I’ve never been to a grand English estate. Not if we’re talking about real life. I have, of course, been to them many times before through stories and TV sets, transported by characters and crime. Some of my favorite memories growing up involve sinking into our living room couch and watching Masterpiece Mystery with my father as we challenged each other to see who could figure out “whodunit” first (I’m writing this, so I get to say it: it was me).
I’ve taken in the lush gardens, the grand décor, the darky, spooky corridors and secret passageways; the atmospheres, thick with cobwebs, real and symbolic. Even though I’ve never actually been to one, the setting is one that’s so familiar, I can taste it. In that way, it’s familiar and foreign at the same time. It’s foreign because, well—there aren’t many English country estates on Chicago’s south side. But the familiarity is there. It’s in the setting’s promise, thick and warm, as it wraps itself around me like a well-worn coat until the final denouncement. The rolling hills, the well-placed cliff, the perceptive, brooding butler all set the stage and say, this is familiar territory. The familiarity here is in the experience.
Familiarity and foreignness are two concepts that waltz alongside each other in crime fiction. The act of murder itself is so foreign, so arcane, little else in a story need be; and yet, we’ve become accustomed to watching crime from the outside in, in settings much unlike the ones we inhabit. Foreignness in setting allows us to take a step back and connect to characters that may not look, talk or live like we do. We find familiarity in the characters themselves; in their motivations, their greed, their jealousy, their unspoken desires. Foreignness in crime fiction forces us to search for sameness so we can connect and understand.

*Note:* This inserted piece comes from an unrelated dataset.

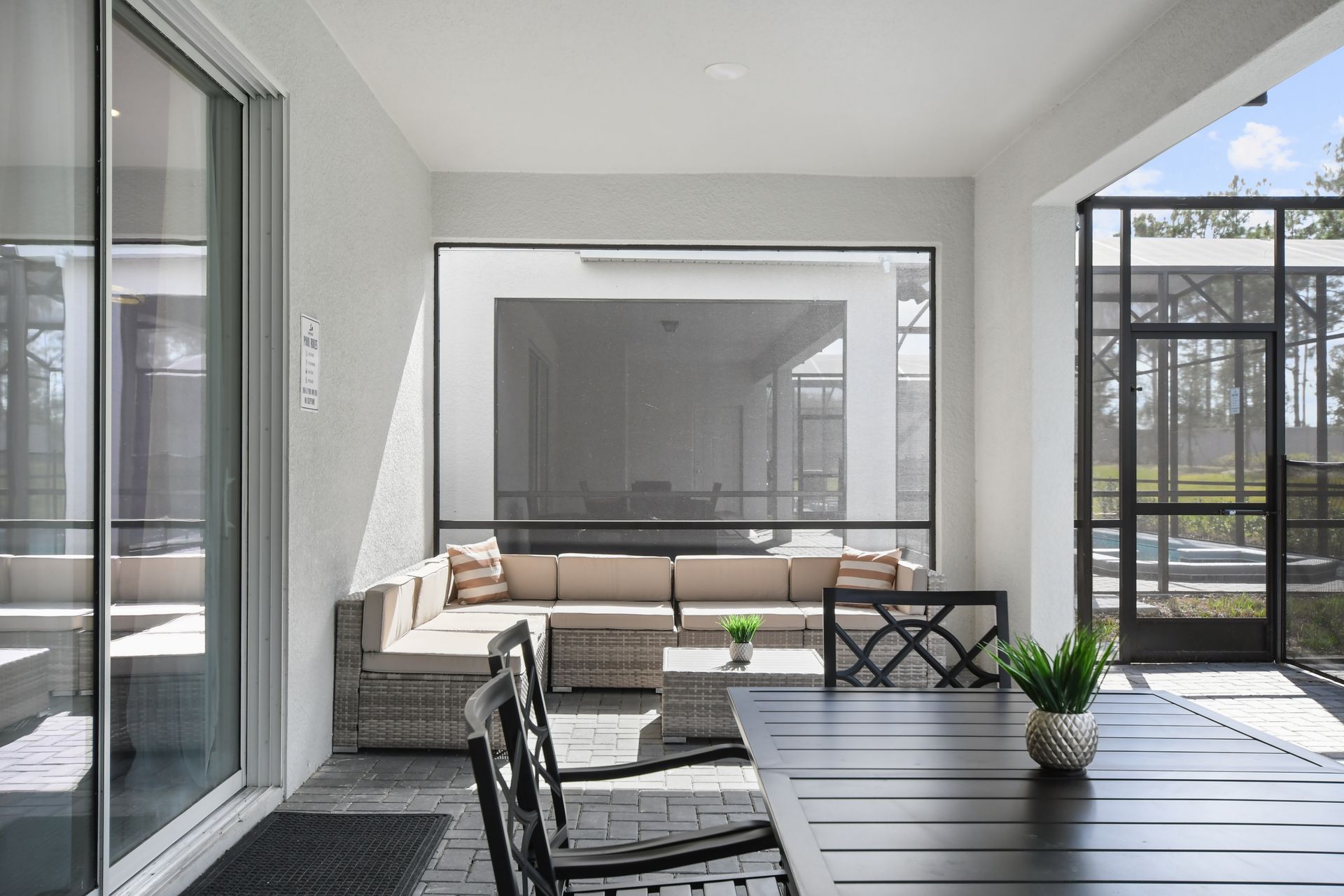 Cozy screened patio with cushioned sectional, dining table, and sunny pool access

Familiarity in crime fiction does the opposite. The prevalence of books deliberately and distinctly focused on simple, everyday imagery—think windows, trains and ride shares—creates a backdrop that connects us, on the most basic level, to fictional worlds. This familiarity is not about experience; it’s about identification.
The prevalence of books deliberately and distinctly focused on simple, everyday imagery—think windows, trains and ride shares—creates a backdrop that connects us, on the most basic level, to fictional worlds.In The Woman in the Window, for example, A.J. Finn delivers a protagonist who watches her neighbors through her window with the help of her camera’s viewfinder. The window in this book is a setting of its own. How many times have you stood in front of a well-lit window and wondered how many eyes were on you? Likewise, how many times have you driven past a house with its shades drawn and let your eyes linger on the décor in the room because nobody is watching? The story tugs at our voyeuristic desires to know how other people live, to compare ourselves, to find a measure for whether or not we’re “doing it right.” It’s familiar.
Then, of course, there’s the long-standing combination of murder and locomotives. Of course, crime fiction set on train rides is not a new concept; the steady sway of the train creates a seductive background for murder. But modern stories featuring trains hold a different appeal than the opulent sleeping cars and arranged dinner times of stories past. This appeal is more “crushed passengers, body odor and schedule delays.” We can breathe it, smell it and feel it because we live it every day. It’s familiar.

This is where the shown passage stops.